With the development of the times, the mobile internet technology is mature day by day, and the network shopping market is more active. In order to meet the demand of people for good life, the commodities are more abundant in variety and number, and the phenomenon also causes a plurality of problems. For network commodity managers, the classification work has a great obstacle due to the over-complicated commodity types. Most of the commodity classification work is carried out through an artificial intelligence algorithm, but the interpretability is poor, so that the problem of excessively complicated commodity classification is difficult to process.
In addition to experimental aspects, researchers have also conducted exploratory studies on deep-learning interpretable theory.

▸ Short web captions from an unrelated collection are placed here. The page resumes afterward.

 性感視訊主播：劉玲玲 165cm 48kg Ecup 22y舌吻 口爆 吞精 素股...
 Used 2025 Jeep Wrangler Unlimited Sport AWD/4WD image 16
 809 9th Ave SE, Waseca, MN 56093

Lipton analyzed the interpretability connotation of the deep learning model from 4 aspects of credibility, causal association, migration learning and information providing for the first time in 2018, and indicates that the decision made by the interpretable deep learning model often obtains higher trust, and people can still trust the model even when the result given by the trained model is different from the actual situation.
In summary, in order to make the commodity image recognition and classification algorithm overcome the difficulty that the current interpretability is difficult to obtain, balance the interpretability and the accuracy of the model, make the model capable of being used for processing the complicated commodity classification problem, meet the actual environment condition, and meet the actual application requirements, it is necessary to provide an interpretable commodity automatic classification method.
Disclosure of Invention
The invention aims to solve the problem that the prior commodity image recognition and classification algorithm is difficult to obtain interpretability, so that the prior method is difficult to accurately classify complex commodities, and provides an automatic commodity classification method and system with interpretability.

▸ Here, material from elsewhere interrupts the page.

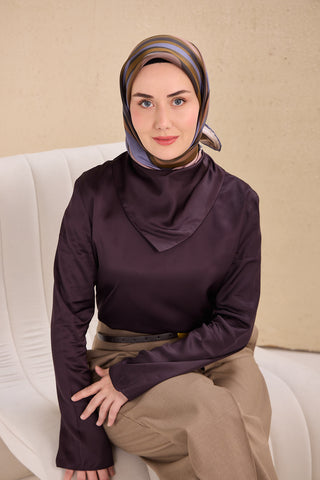 Twill Silk Scarf, Navy Blue, Green Tones, Patterned, Firm Structure, 90x90 cm.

The technical scheme adopted by the invention for solving the technical problems is as follows:
based on one aspect of the invention, the method for automatically classifying the interpretive commodities specifically comprises the following steps:
designing a network architecture consisting of a basic classifier and an interpretation hierarchy, wherein the basic classifier is a CNN network model, and the interpretation hierarchy is an induced decision tree;
after the CNN network model is pre-trained, an induced decision tree is constructed by loading the weight of the last full connection layer in the pre-trained CNN network model;
step two, training the network architecture designed in the step one by using the marked commodity image data set until the classification accuracy of the network architecture on the marked data set reaches a set threshold value, and stopping training;
and step three, inputting the commodity images to be classified into the trained network architecture, outputting the classification result by using the CNN network model, and outputting an explanation decision process by using an induction decision tree.
According to another aspect of the invention, an automatic classification system for interpretive goods is used for executing an automatic classification method for interpretive goods.
The invention has the beneficial effects that: the invention provides an interpretive automatic commodity classification method and system, wherein a Pythroch tool is used for carrying out double-label format labeling on an image to construct a corresponding data set, a designed network architecture is trained by utilizing the constructed data set, the image is classified by adopting the trained network architecture, and meanwhile, a visual result is displayed in a webpage, so that a commodity identification classification model with high classification accuracy and strong interpretability is realized, and the problem that the complex commodity identification classification is difficult by the traditional method is solved.
The loss function and the embedded decision rule used by the method of the invention ensure that the CNN model has interpretability and simultaneously balances accuracy and interpretability, thereby saving the debugging time of workers on the commodity classification model and being matched with the front-end interface for convenient use and debugging.
Drawings
FIG. 1 is a flow chart of the method of the present invention;
FIG. 2 is a diagram of the construction of an induced decision tree according to the present invention;
FIG. 3 is a system display diagram in the present invention;
FIG. 4 is a graph of the visualization of the results of the present invention.
Detailed Description
First embodiment this embodiment will be described with reference to fig. 1. The method for automatically classifying an explanatory product according to the present embodiment specifically includes the following steps:
designing a network architecture consisting of a basic classifier and interpretable levels, wherein the basic classifier is a CNN network model, and the interpretable levels are induced decision trees;
after the CNN network model is pre-trained, an induced decision tree is constructed by loading the weight of the last full connection layer in the pre-trained CNN network model;
step two, training the network architecture designed in the step one by using the marked commodity image data set until the classification accuracy of the network architecture on the marked data set reaches a set threshold value, and stopping training;
and step three, inputting the commodity images to be classified into the trained network architecture, outputting the classification result by using the CNN network model, and outputting an explanation decision process by using an induction decision tree.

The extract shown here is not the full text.